#### [What is expected]
Your task is to transcribe the data exactly while omitting each picture.
[[ Data segment, beginning ]]
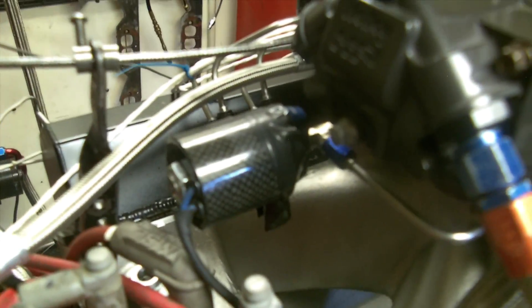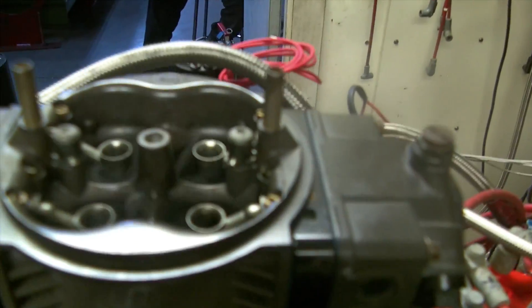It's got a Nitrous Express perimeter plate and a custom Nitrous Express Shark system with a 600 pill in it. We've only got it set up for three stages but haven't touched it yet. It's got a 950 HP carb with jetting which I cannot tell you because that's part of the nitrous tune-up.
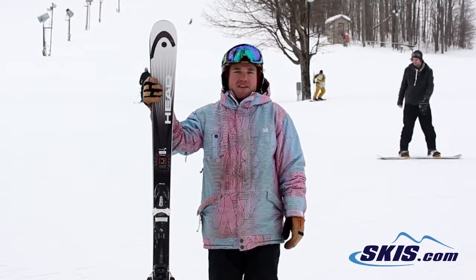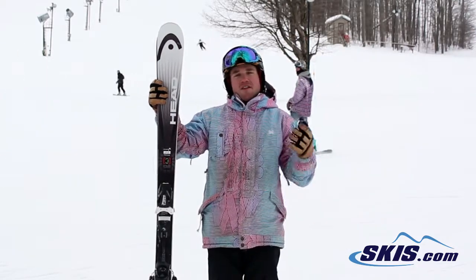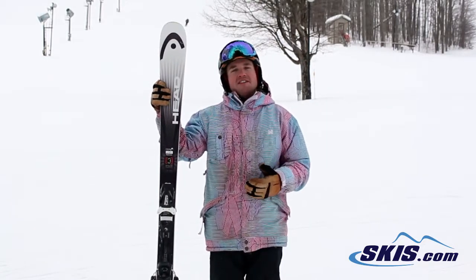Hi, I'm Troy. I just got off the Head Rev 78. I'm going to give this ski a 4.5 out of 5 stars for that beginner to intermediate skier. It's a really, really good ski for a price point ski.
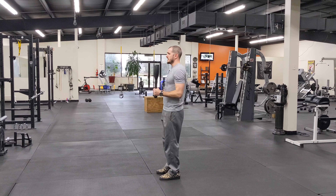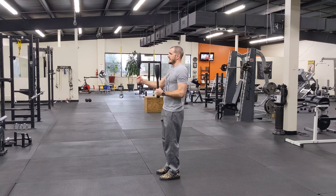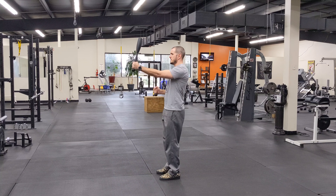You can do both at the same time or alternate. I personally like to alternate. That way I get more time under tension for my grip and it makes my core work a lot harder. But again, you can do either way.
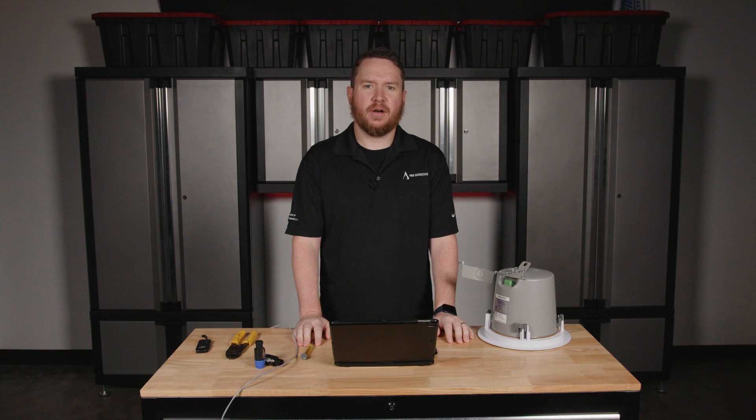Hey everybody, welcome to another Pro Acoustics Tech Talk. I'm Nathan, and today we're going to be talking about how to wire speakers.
[[ Data segment, end ]]
#### [Result of this exercise]
It's got a Nitrous Express perimeter plate and a custom Nitrous Express Shark system with a 600 pill in it. We've only got it set up for three stages but haven't touched it yet. It's got a 950 HP carb with jetting which I cannot tell you because that's part of the nitrous tune-up.
Hi, I'm Troy. I just got off the Head Rev 78. I'm going to give this ski a 4.5 out of 5 stars for that beginner to intermediate skier. It's a really, really good ski for a price point ski.
You can do both at the same time or alternate. I personally like to alternate. That way I get more time under tension for my grip and it makes my core work a lot harder. But again, you can do either way.
Hey everybody, welcome to another Pro Acoustics Tech Talk. I'm Nathan, and today we're going to be talking about how to wire speakers.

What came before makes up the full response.